[[ Data to process, beginning ]]

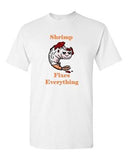 Shrimp Fixes Everything Seafood Sea Prawn Food Novelty Adult DT T-Shirts Tee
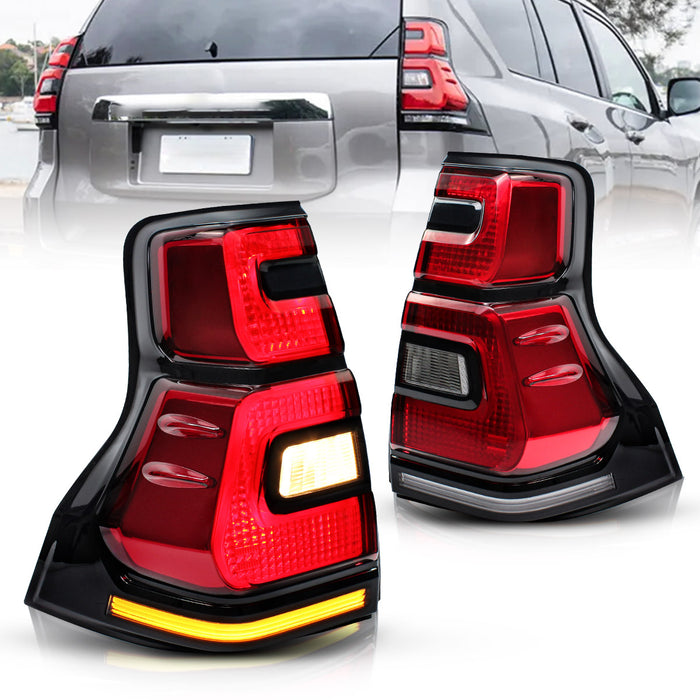Feux arrière VLAND Full LED pour Toyota Land Cruiser Prado 2010-2016 clignotants avec indicateurs séquentiels feux arrière de rechange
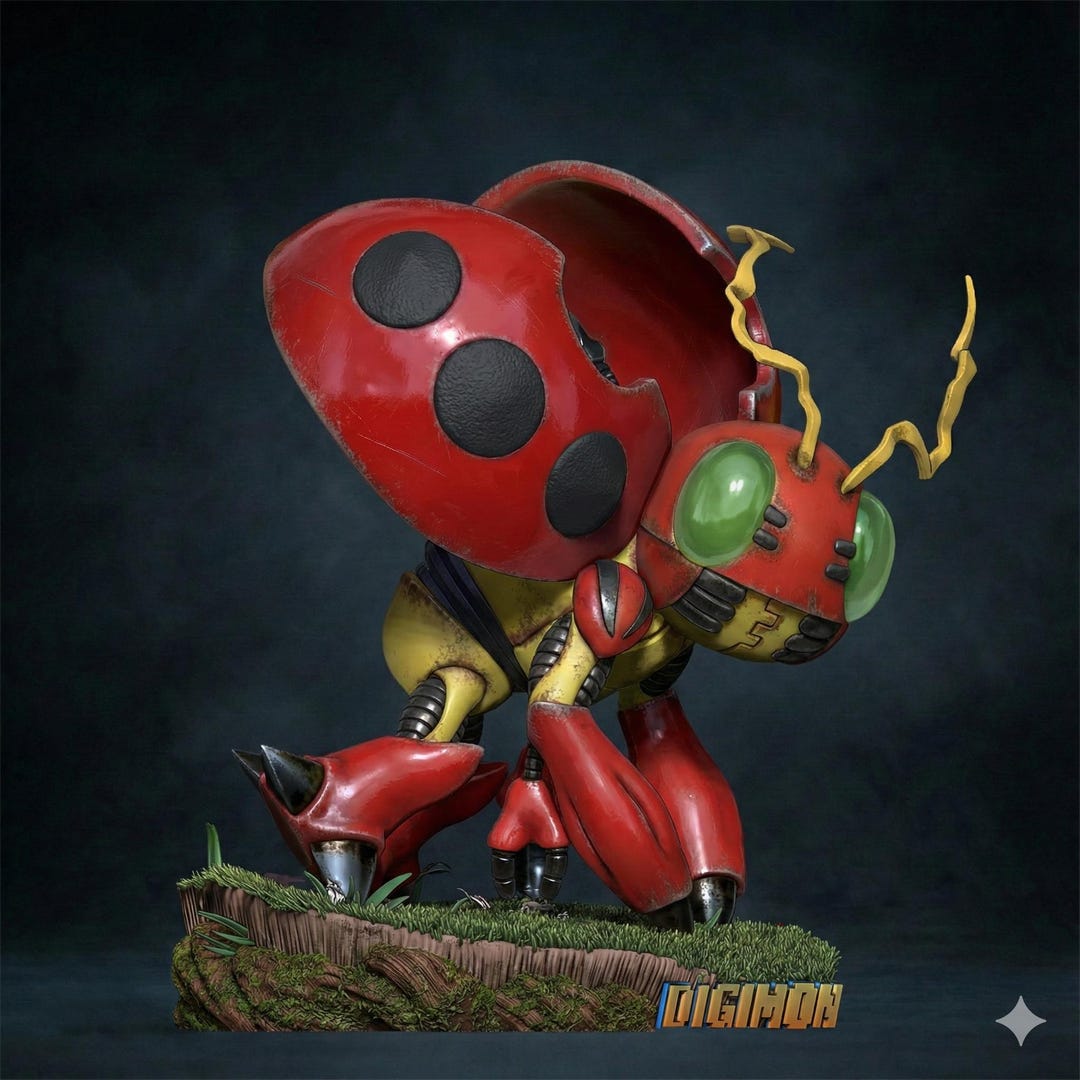 Digimon – Tentomon | Electric Insect Rookie STL Sculpture & Bust | 3D ...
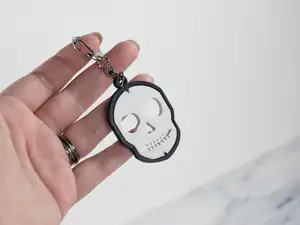 Spinning Skull Keychain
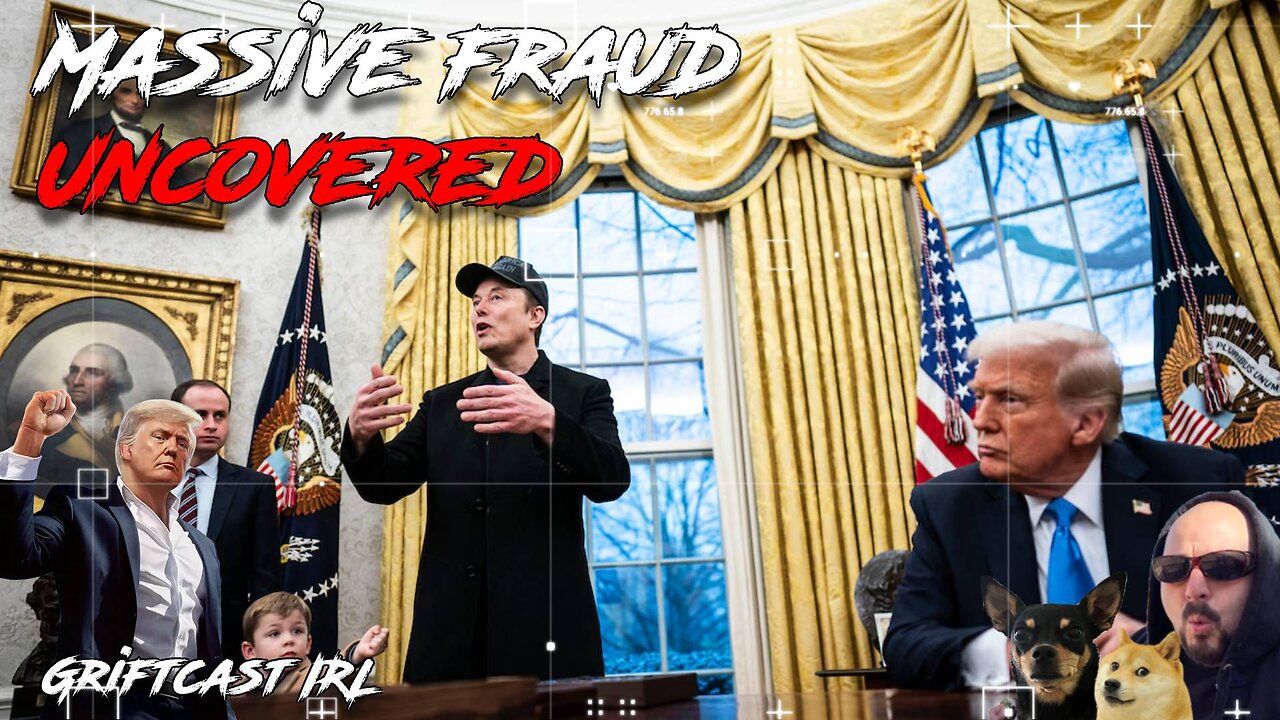 Trump and Musk are Uncovering Massive Wasteful spending and GAZA isn't going away Griftcast IRL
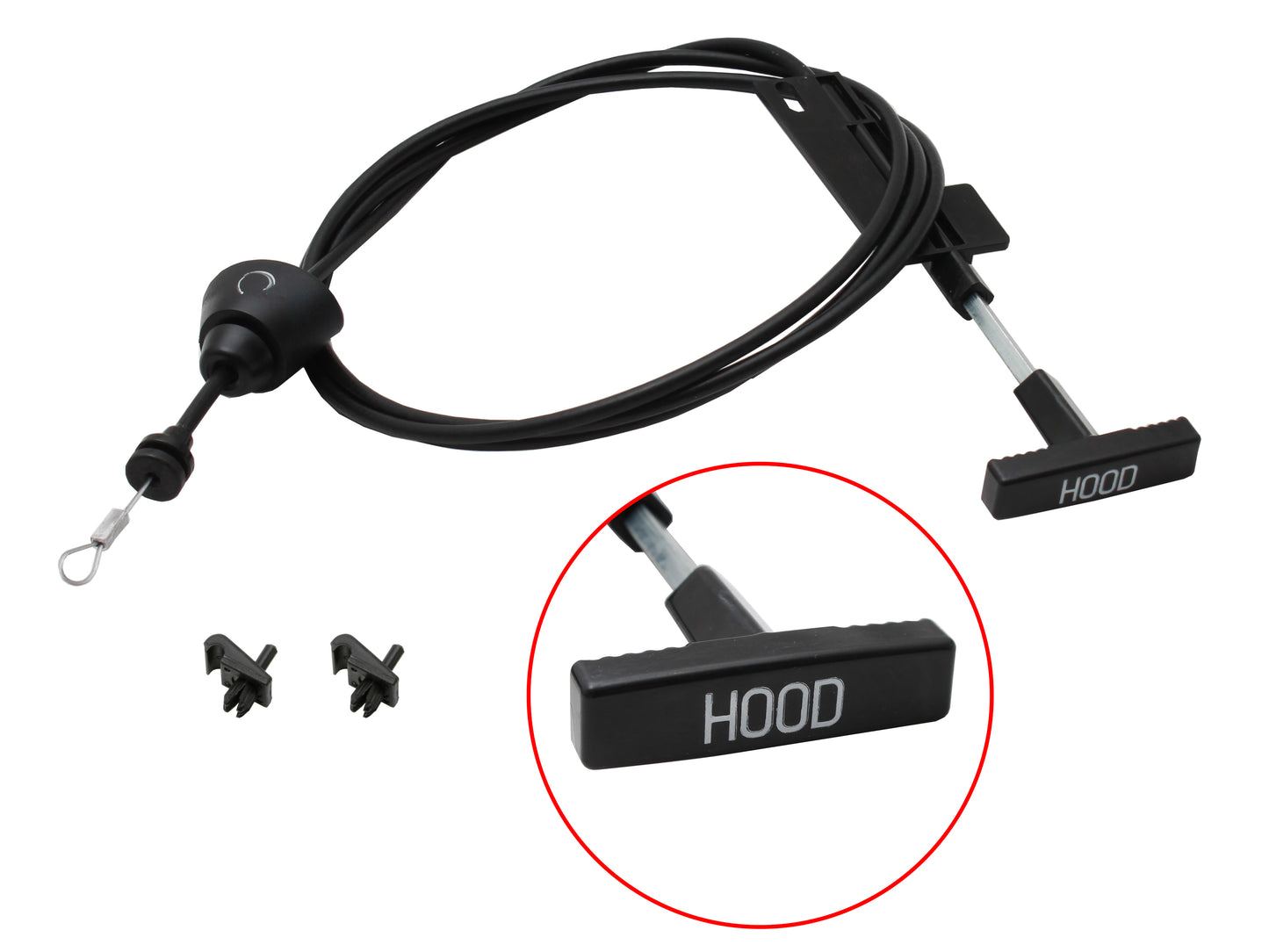 Ford Bonnet Release Cable XD XE XF XG Falcon ZJ ZK ZL Fairlane wire open hood - XE16A665A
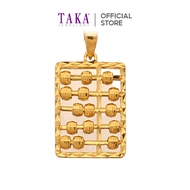 TAKA Jewellery 999 Pure Gold Abacus Pendant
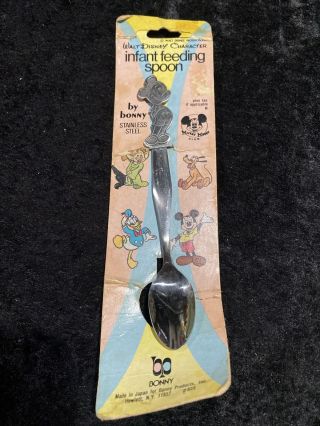 Vintage Walt Disney Mickey Mouse Baby Spoon By Bonny Japan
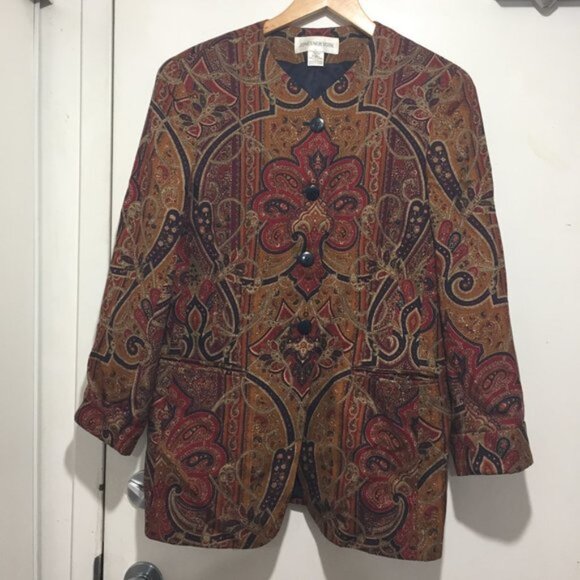 VINTAGE JONES NEW YORK BLAZERS SIZE 14 - Picture 2 of 4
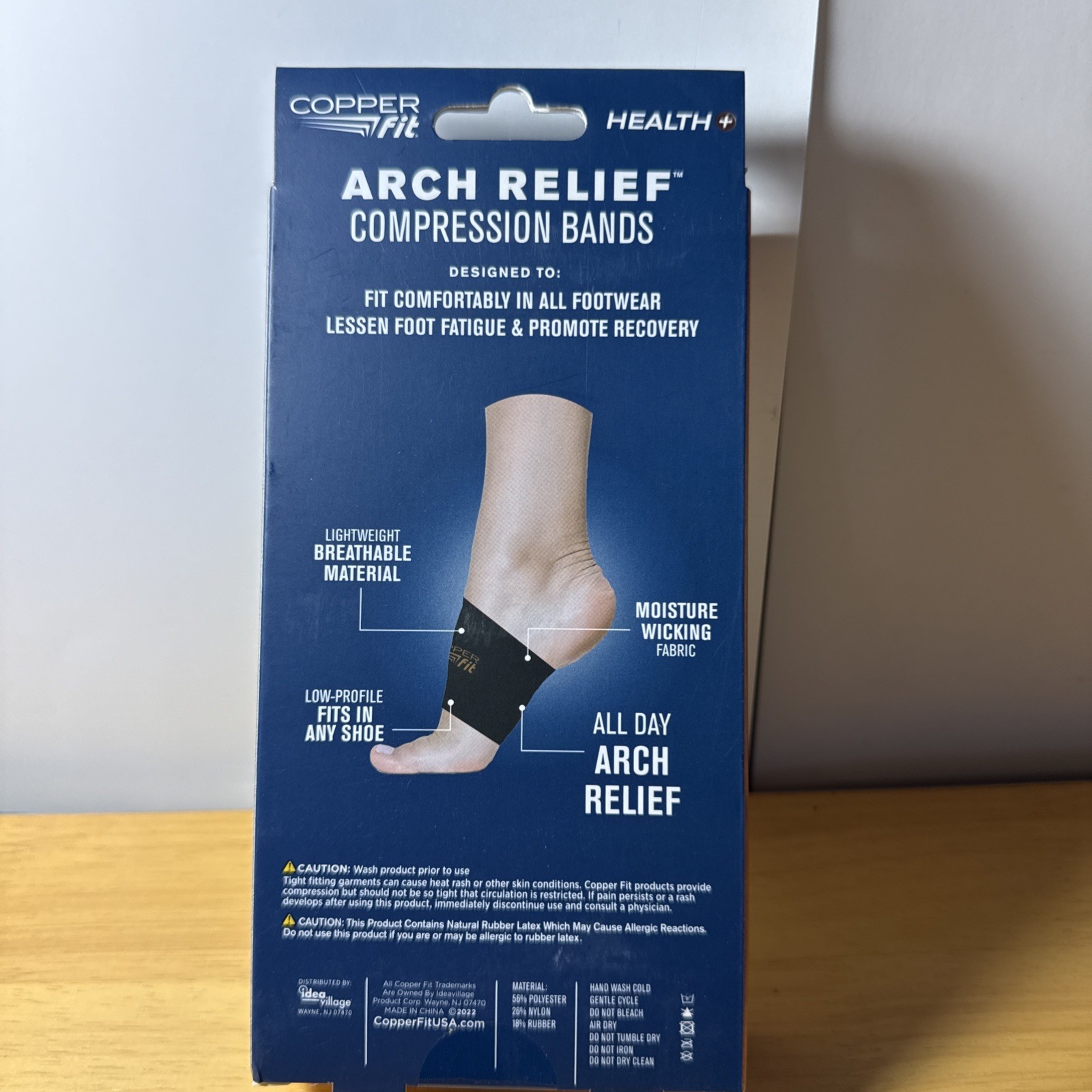 Copper Fit Health Arch Relief Compression Bands Unisex One Fits Most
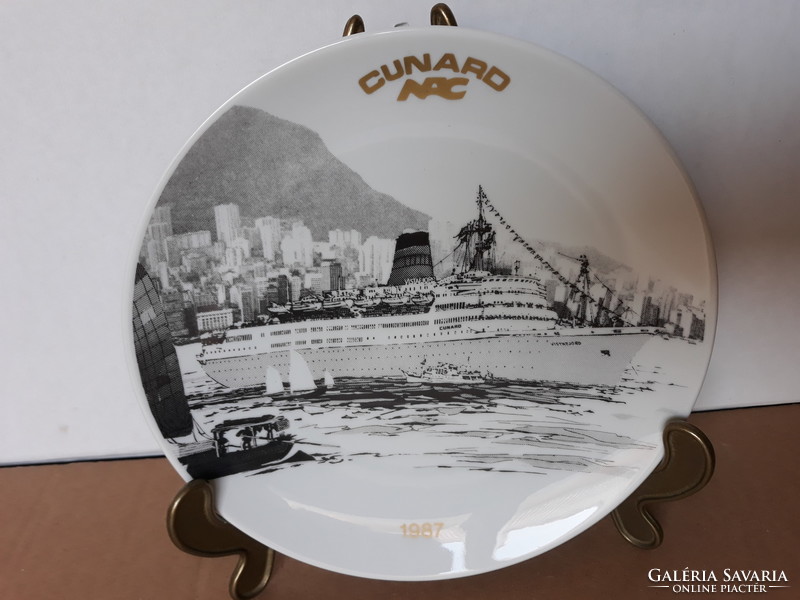 Beautiful nautical porcelain wall plate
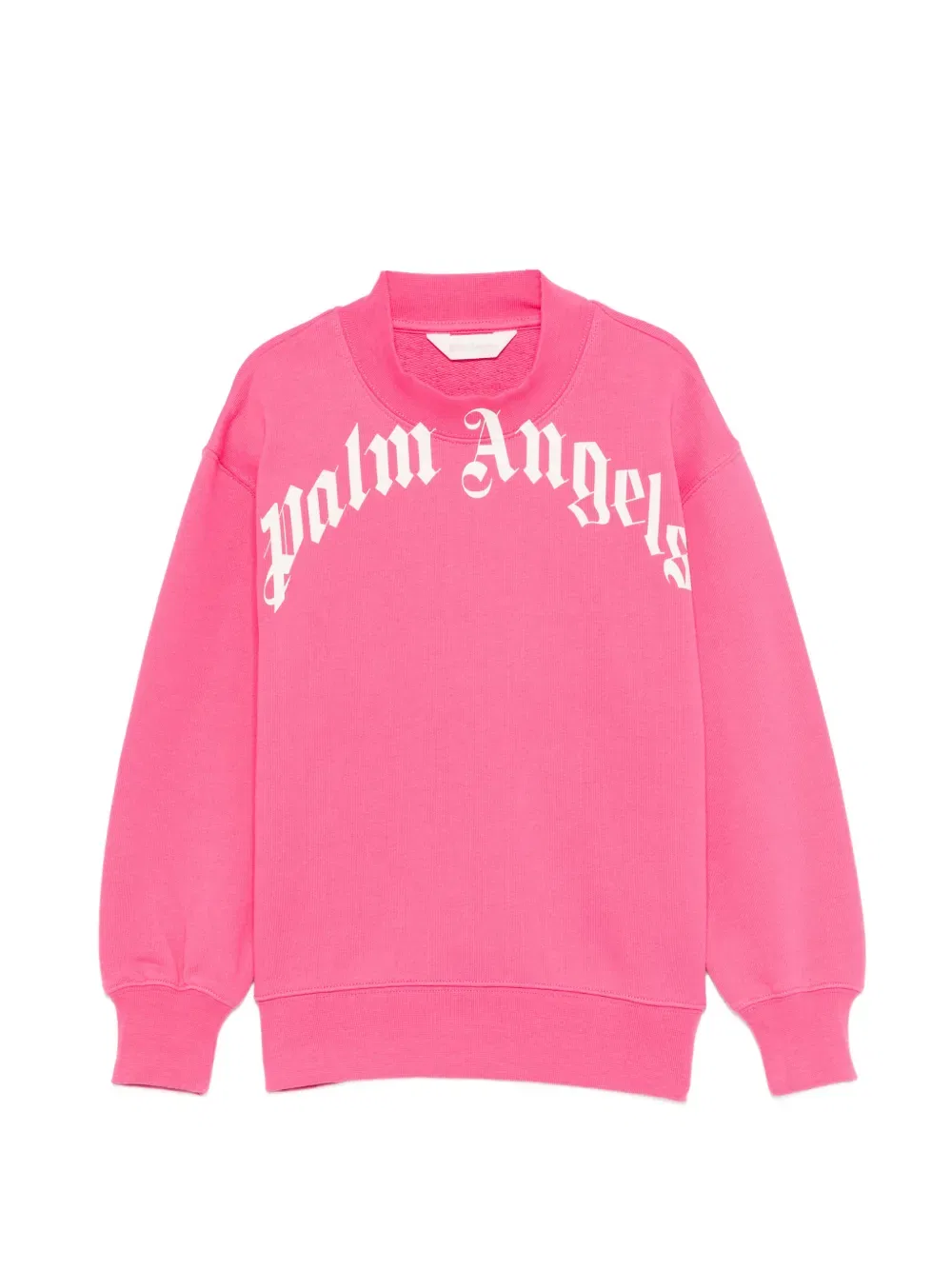 Свитшот с круглым вырезом и логотипом Palm Angels Kids, розовый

[[ Data to process, end ]]

§ Requirement:
From the data above, return only the lines starting at the line that holds "Spinning Skull Keychain" and ending at the line that holds "Beautiful nautical porcelain wall plate", word for word and without pictures.

§ Solution:
 Spinning Skull Keychain
 Trump and Musk are Uncovering Massive Wasteful spending and GAZA isn't going away Griftcast IRL
 Ford Bonnet Release Cable XD XE XF XG Falcon ZJ ZK ZL Fairlane wire open hood - XE16A665A
 TAKA Jewellery 999 Pure Gold Abacus Pendant
 Vintage Walt Disney Mickey Mouse Baby Spoon By Bonny Japan
 VINTAGE JONES NEW YORK BLAZERS SIZE 14 - Picture 2 of 4
 Copper Fit Health Arch Relief Compression Bands Unisex One Fits Most
 Beautiful nautical porcelain wall plate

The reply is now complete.